Bob Irish: That's great recap. I'm curious, one quick question about the off campus housing. A lot of universities have gone to virtual classes and stuff. Is that a factor at all?
Justin Ford: Yeah and I'll tell you why. So when we look at this, the way we underwrote it, we didn't underwrite it per bed. We underwrote it as conventional market rate housing. So what happens obviously, if we bought this thing, we'd have 100% occupied with students as is right. Obviously, because that's what you're receiving, but we want to know that if we need to transition to conventional, we can, we could do very well. So, one of the ways we're looking at, so a lot of these are four bedroom, four bath. So how are they laid out? Can you divide your living space? Can you create two entry doors? Can you basically, and the second kitchen, and now you have two twos.
And, and the two, two is one that's more rentable as conventional housing, but even in the student market, a two, two is more rentable than a four, four. because apparently this is something I didn't really know myself, but it makes sense to me. Instead of renting with three other slobs, you can rent with just one other slob.

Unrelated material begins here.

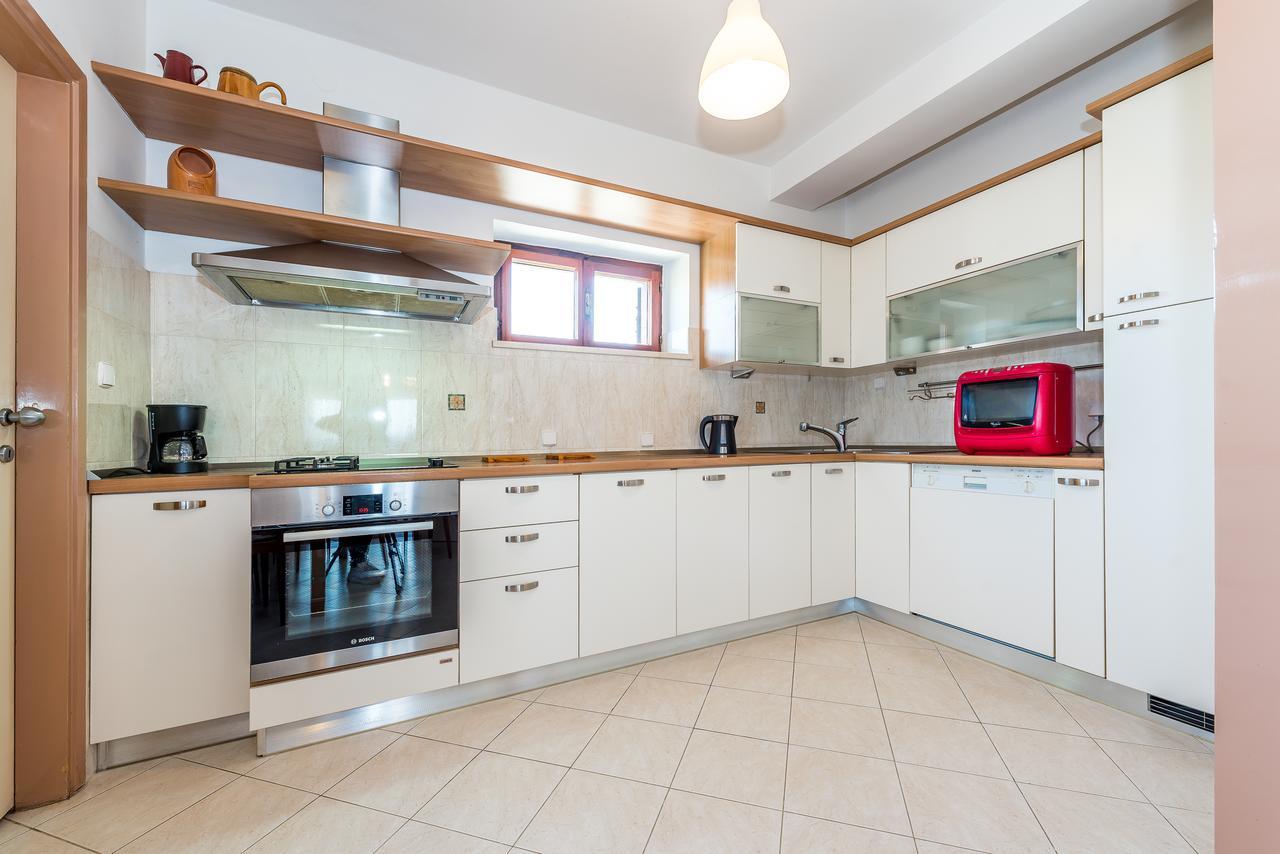 Apartment Promona Drniš Eksteriør billede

Bob Irish: You lower your chances of being pen up with a jerk, I guess.
Justin Ford: I guess. I mean, believe me, every time I visited my kids in college. They lived with friends and it was always kind of a mess. And I just think that, but I'm sure that's not the way all students live, but I guess the point is right. That if you're able to divide certain units like that, you have more potential to rent on a market basis to regular potential housing and you get a little more rent, I believe for two, two than a four, four, as you said. So we're looking at it that way. We're not sold on this opportunity, but just seeing the fundamental value that's there, I'm surprised. And it's almost to the point, Bob, where let's imagine there's a small chance that this inflation thing dies down quickly.
Let's imagine that it did. It could rear its head later, no doubt. Because we see lumber coming down, we see petroleum coming down. We see labor even softening a little bit. You see all these prices coming down a bit, let's say for some reason, for recession or whatever else, prices came down real quickly. And all of a sudden the interest rates that were staying up started to go down again. And by the end of the year, you were back where we were close to it, where we were a few months ago.
Well, I don't think that's likely to happen, but let's say there's a 10 or 15 chance that something like that might happen. I'm going to tell you, we're going to lose this window to acquire stuff at good prices if something like that were to happen. So again, I don't think it's likely. I am looking very intently right now at what's emerging because even though we may lock in, interest rate a point up higher than a few months ago, depending on how you finance, there's a way you can lower that interest rate cost, should interest rates go down again, depending how you finance it. It does require some planning. I think there are interesting times for sure.
Bob Irish: Well, Justin, as usual, I'm very impressed with how well thought out your plans and forecasts are, your due diligence as usual is just incredibly thorough. Anything else to add before we sign off?
Justin Ford: Nope. I just try to stay cool out there this summer. That's all.
Bob Irish: Good to see you, Justin. We'll talk to you again next month.
Justin Ford: Great to see you, Bob. Thank you.